Visualisierung erlebt einen bemerkenswerten Aufschwung. Was ist der Grund dafür und welche Rolle wird Visualisierung künftig spielen? 

Wir glauben, dass Bilder und Visualisierung mit den sich daraus entwickelnden Feldern sehr stark dazu beitragen werden, in den kommenden 50 Jahren die Wirtschaft grundsätzlich neu zu definieren. Sie werden sogar mit zu den Hauptantriebsfedern der Transformation der gesamten Menschheit zählen. Die Periode zwischen 1870 und 1970 veränderte die Menschheit so stark wie nie zuvor, indem Muskelkraft durch Maschinen ersetzt wurde. Im nächsten Zeitabschnitt, 1970 bis 2070, wird eine weitere tief verändernde Transformation geschehen - die "Befreiung des menschlichen Verstandes". Wir befinden uns mitten in diesem Wandelprozess - und was dabei herauskommt, wissen wir noch nicht.
Aus der Business-Perspektive stehen zwei Dinge im Fokus. Zum einen: Das Kernelement einer Organisation ist nicht das Individuum, sondern die Gruppe in Form von miteinander verbundenen Köpfen. Zum anderen: Die Wertschöpfung findet vor allem im immateriellen Bereich statt, nicht im materiellen. Bei beiden Punkten liegt der Schlüsselprozess in der Kommunikation zwischen den Menschen.
 

Können Sie kurz umreißen, um was es in Ihrem Track gehen soll? 

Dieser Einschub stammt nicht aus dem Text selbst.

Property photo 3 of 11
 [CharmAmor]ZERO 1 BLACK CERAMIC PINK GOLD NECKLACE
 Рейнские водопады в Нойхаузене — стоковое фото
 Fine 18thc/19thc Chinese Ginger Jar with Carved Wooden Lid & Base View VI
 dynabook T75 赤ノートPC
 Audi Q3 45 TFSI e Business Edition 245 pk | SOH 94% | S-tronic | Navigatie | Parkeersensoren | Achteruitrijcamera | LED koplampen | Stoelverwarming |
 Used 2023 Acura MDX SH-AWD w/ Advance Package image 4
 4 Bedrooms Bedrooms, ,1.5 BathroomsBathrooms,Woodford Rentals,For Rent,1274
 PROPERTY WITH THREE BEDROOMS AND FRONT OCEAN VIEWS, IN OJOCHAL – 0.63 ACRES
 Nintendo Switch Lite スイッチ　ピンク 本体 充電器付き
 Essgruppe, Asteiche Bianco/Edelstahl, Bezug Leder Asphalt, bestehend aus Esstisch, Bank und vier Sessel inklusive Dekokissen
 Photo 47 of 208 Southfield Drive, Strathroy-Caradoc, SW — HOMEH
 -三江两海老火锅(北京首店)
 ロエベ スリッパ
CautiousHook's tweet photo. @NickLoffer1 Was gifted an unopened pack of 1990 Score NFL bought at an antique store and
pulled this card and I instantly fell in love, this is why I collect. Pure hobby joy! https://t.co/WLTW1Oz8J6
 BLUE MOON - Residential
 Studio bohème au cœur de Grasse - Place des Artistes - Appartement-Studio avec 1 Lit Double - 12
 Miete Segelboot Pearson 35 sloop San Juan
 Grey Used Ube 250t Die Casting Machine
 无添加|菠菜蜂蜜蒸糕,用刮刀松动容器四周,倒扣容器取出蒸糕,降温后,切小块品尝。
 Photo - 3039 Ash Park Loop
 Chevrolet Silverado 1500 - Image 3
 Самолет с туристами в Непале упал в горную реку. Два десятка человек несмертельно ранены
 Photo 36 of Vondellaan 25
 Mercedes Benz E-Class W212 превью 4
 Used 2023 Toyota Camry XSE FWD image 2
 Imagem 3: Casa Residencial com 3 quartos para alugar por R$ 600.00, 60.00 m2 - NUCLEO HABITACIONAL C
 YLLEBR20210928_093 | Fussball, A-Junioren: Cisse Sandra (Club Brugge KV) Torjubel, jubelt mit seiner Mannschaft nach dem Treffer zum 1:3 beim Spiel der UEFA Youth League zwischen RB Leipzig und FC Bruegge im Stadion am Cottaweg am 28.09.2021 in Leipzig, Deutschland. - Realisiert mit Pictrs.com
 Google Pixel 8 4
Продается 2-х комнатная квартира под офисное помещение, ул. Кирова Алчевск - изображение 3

Die derzeit übliche Form der Kommunikation in Wort und Schrift erfüllt nicht die Bedürfnisse, die Menschen in Zusammenarbeit und Leadership haben. Wörter alleine geben nicht annähernd die Kernprozesse des menschlichen Verstandes wieder. Im Mittelpunkt stehen Assoziationen, Bilder und komplexe Konzepte. Diese können nicht allein durch Sprache oder Texte wiedergegeben werden. Über Bilder können wir im Hinblick auf Zusammenarbeit und Leadership viel leichter kommunizieren. Unser Track zielt deshalb darauf, die Tür noch ein Stück weiter in Richtung der kommenden 50 Jahre aufzustoßen. Die Teilnehmer sind eingeladen, sich weiter in das Land der Zukunft zu bewegen - auf Grundlage ihrer eigenen Erfahrungen und Träume.
 

… und wie wird das konkret aussehen? 

Wir werden diese Reise zusammen antreten. Nach einer kurzen Einführung zu grundsätzlichen Prozessen in der Wirtschaft und zu Erkenntnissen aus der Neurowissenschaft werden die Teilnehmer in kleinen Gruppen ihre eigenen Erfahrungen und Geschichten austauschen. Sie werden gemeinsame Muster erforschen und Geschichten erarbeiten. Im ersten Teil des Tracks liegt der Fokus rund um Team und Kollaboration. Wir betrachten Muster und Abläufe rund um Spannungsfeldern wie Angst und Wertschöpfung. Diese Erkenntnisse werden wir mit der (möglichen) Rolle von Visuals und Facilitation beziehungsweise Prozessbegleitung verbinden, Geschichten daraus entwickeln und die wichtigsten Ergebnisse in Form von Storyboards aufzeichnen. Im zweiten Teil des Business Tracks liegt der Fokus auf der Frage, was die Erkenntnisse der ersten Runde für Leadership und Führungsstile bedeuten. Welche neuen Ideen lassen sich daraus generieren, wenn man Visuals und Facilitation in das tägliche Wirtschaftsleben integriert. Und auch diese Ergebnisse werden gemeinsam in Form von Storyboards festgehalten.
 

Sie stellen die Frage, wie die Wirtschaftswelt aussähe, würden überall Visualisierungstechniken angewendet. Verraten Sie uns etwas über Ihre eigenen Vermutungen? 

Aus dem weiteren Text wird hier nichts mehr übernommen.